La reciente escalada en la tensión entre el gobierno de Javier Milei y los gobernadores provinciales no es solo un episodio más en el convulso panorama político argentino; es un reflejo de una crisis más profunda en la que la política parece haber perdido su esencia. La promoción de Eduardo “Lule” Menem por parte de Karina Milei como posible secretario de Interior no solo indica un endurecimiento de la postura del oficialismo, sino que también pone de manifiesto la falta de diálogo y la creciente polarización que caracteriza a la política actual.
El conflicto se origina en una serie de decisiones que han dejado a los mandatarios provinciales en una posición vulnerable, obligándolos a recurrir al Senado para intentar hacer valer sus intereses.
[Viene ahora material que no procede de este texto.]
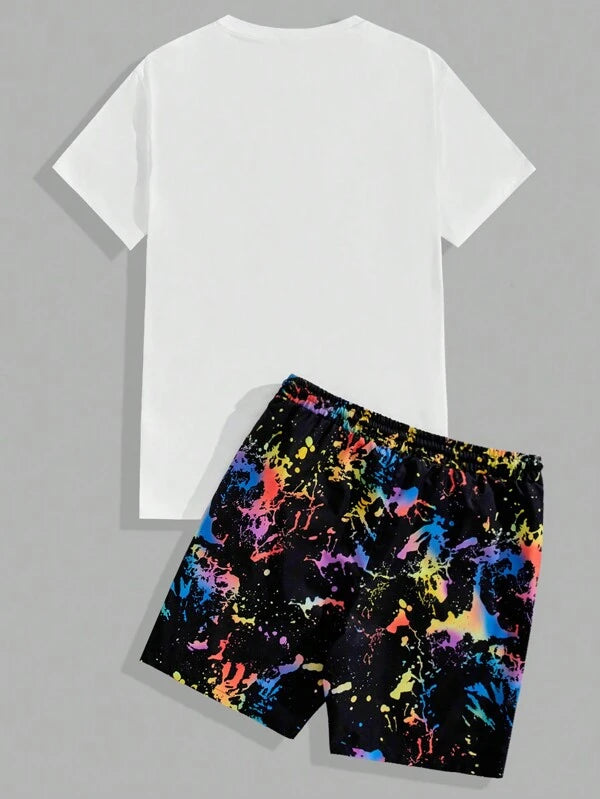 8152 2c-282 Camiseta con estampado de letra & Shorts de cintura con cordón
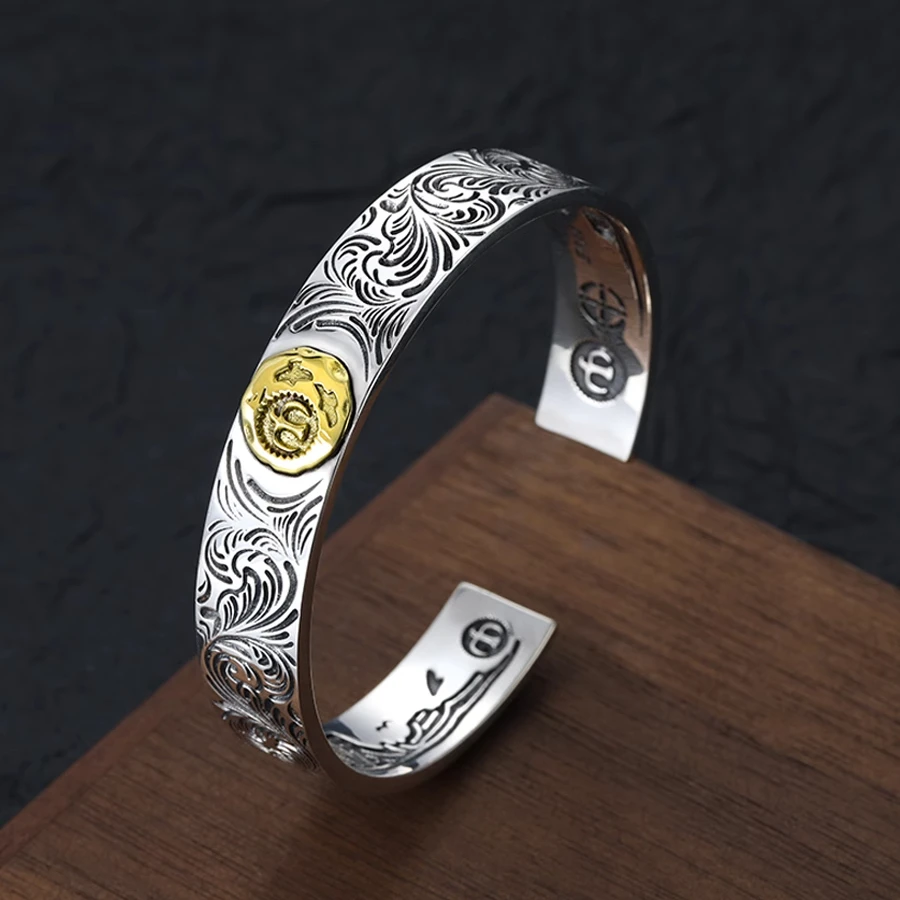 sterling silver tangcao pattern bracelet male domineering retro indian flying bird point gold flat flying eagle open bracelet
La acusación de Javier Milei a los gobernadores de querer “destruir al Gobierno nacional” es un claro ejemplo de la retórica bélica que ha permeado el discurso político, donde el adversario se convierte en un enemigo a combatir en lugar de un socio con el que negociar.
La figura de Lule Menem, impulsada por Karina, representa un cambio de estrategia que busca consolidar el poder en un círculo íntimo que se aleja de la moderación y del consenso. La política, que se supone debe ser un espacio de construcción colectiva y diálogo, se ha transformado en un campo de batalla donde las victorias se miden en términos de poder y control, en lugar de en el bienestar de la ciudadanía.
Los gobernadores, por su parte, han comenzado a responder a esta ofensiva desde el Senado, buscando recuperar parte de la influencia que han perdido. Sin embargo, su estrategia parece ser más reactiva que proactiva, lo que refleja una falta de cohesión y una incapacidad para presentar una alternativa sólida frente a un gobierno que, aunque polarizante, ha sabido capitalizar la desconfianza y el desencanto popular hacia la política tradicional.
La situación es especialmente preocupante cuando se observa que, a pesar de haber respaldado leyes clave, los gobernadores sienten que no reciben nada a cambio. La frase “Les votamos todo y no nos dan nada” resuena como un eco de la frustración de un sector que se siente traicionado por un gobierno que prometió un cambio radical pero que, en la práctica, parece haber caído en las mismas dinámicas de exclusión y desdén hacia las provincias que han caracterizado a administraciones anteriores.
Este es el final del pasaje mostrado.